Todavía hay muchas empresas para las que hablar de aprendizaje es, sobre todo, hablar de formación. Para estas compañías el aprendizaje es el resultado de las acciones formales que llevan a cabo para cubrir ciertas necesidades de capacitación que detectan en sus empleados a través de procedimientos más o menos estructurados. En esas empresas el aprendizaje suele ser competencia del «negociado» de Formación, habitualmente un apéndice de la Dirección de Recursos Humanos. Formación (con mayúscula) es, de este modo, quien controla y gestiona el aprendizaje en la organización y, junto con los directivos de la compañía, quien decide lo que «toca» aprender ese año.
Como señala Harold Jarche, este planteamiento puede encajar con los postulados tayloristas de compartimentación del trabajo, especialización, eficiencia y control, que tan buenos resultados dan en entornos lineales, estables y predecibles, pero presenta carencias notables en un entorno V.U.C.A. (volátil, incierto, complejo y ambiguo) como el que les toca vivir a un número creciente de organizaciones.
En este nuevo contexto muchas empresas necesitan replantearse la forma en que abordan el tema del aprendizaje en su organización.
En primer lugar, en la economía de la creatividad el aprendizaje debería entenderse no tanto como un fin en sí mismo, sino como un medio cuyo fin es la competitividad de la compañía, pero también la de los individuos en un mercado de empleo cada día más dinámico. El objetivo de la empresa es que las personas de la organización adquieran capacidades que contribuyan a mantener –e idealmente a incrementar– la competitividad de la compañía a lo largo del tiempo. Una tarea no exenta de dificultad en un contexto como el actual donde esas capacidades son cualquier cosa menos estáticas.

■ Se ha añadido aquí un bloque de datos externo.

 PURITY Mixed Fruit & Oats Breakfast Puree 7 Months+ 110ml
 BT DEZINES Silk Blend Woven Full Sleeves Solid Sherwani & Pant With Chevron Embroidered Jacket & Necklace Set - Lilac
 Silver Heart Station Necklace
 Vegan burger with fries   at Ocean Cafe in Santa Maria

En segundo lugar, las empresas deberían prestar más atención al aprendizaje informal, que según diversos estudios representa en torno a un 80% del aprendizaje que sucede en las organizaciones y responde de manera más inmediata que las acciones formales a las necesidades a medida que estas van surgiendo. Por tanto, no parece que tenga mucho sentido que, tal como sucede en muchas compañías, la práctica totalidad del presupuesto que dedican al aprendizaje de sus empleados se emplee en iniciativas –en su mayor parte cursos de formación– que apenas aportan una pequeña fracción del aprendizaje que se produce en la organización.

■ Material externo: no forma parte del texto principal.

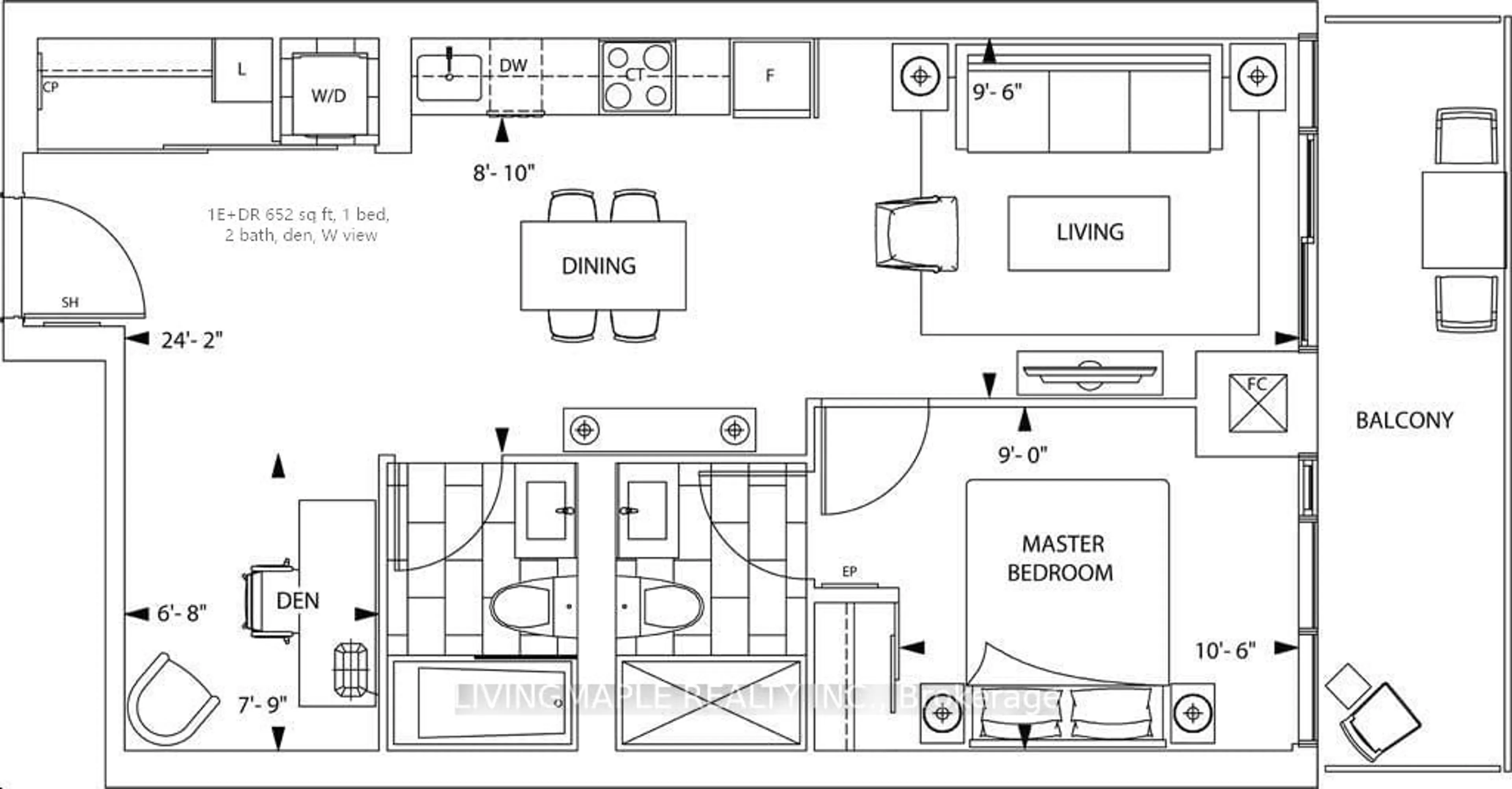Floor plan for 575 Bloor St #2709, Toronto Ontario M4W 0B2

También es importante tener en cuenta que ese aprendizaje informal sucede principalmente a través de las redes de relaciones que existen entre los miembros de la organización. Es, por consiguiente, un aprendizaje eminentemente social, con lo que las empresas tienen la oportunidad de aprovechar algunas de las herramientas “social media” disponibles hoy en el mercado para canalizar, amplificar y capturar ese aprendizaje, así como utilizar técnicas de análisis de redes sociales para comprender cómo y dónde aprenden sus personas.
Otra cosa que pueden hacer las empresas es favorecer la introducción de formulas de organización del trabajo que faciliten el intercambio y la colaboración en red; o comunidades de práctica que favorezcan el aprendizaje y la cogeneración de nuevo conocimiento.

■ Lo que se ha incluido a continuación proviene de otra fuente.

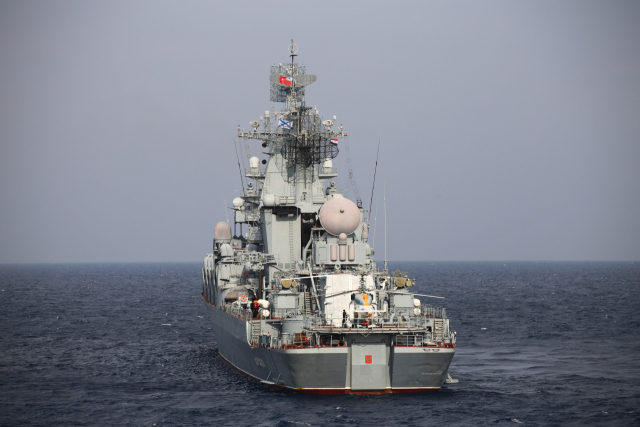 러시아 흑해함대의 기함인 순양함 ‘모스크바호’. 신화연합뉴스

Asimismo, pueden ser de ayuda todas aquellas iniciativas orientadas a fomentar una cultura de transparencia y un clima de confianza que permitan no sólo que se compartan los logros, sino también los fracasos, fuente de aprendizajes valiosísimos. En este sentido las empresas tendrían que tolerar –incluso incentivar– que la gente se equivocase más. Las empresas tienden a invertir en exceso en prevención, y esto, a la larga, puede minorar su resiliencia.
En otro orden de cosas, las empresas también pueden contribuir a que sus empleados desarrollen las habilidades sociales de las que depende en gran medida la inteligencia colectiva de la organización, así como enseñarles a leer el entorno, a detectar tendencias emergentes y a cuestionarse ideas preconcebidas.
Aunque, desde mi modesta opinión, lo mejor que puede hacer una empresa en este campo es ayudar a sus empleados a que asuman el papel de dueños de su desarrollo profesional, abriéndoles los ojos a un mundo que ha cambiado, proporcionándoles métodos que les permitan conocerse mejor a sí mismos, sopesar qué rumbo seguir, reflexionar sobre qué cosas necesitan aprender, y descubrir cómo, donde y de quién –o con quien– aprenderlas.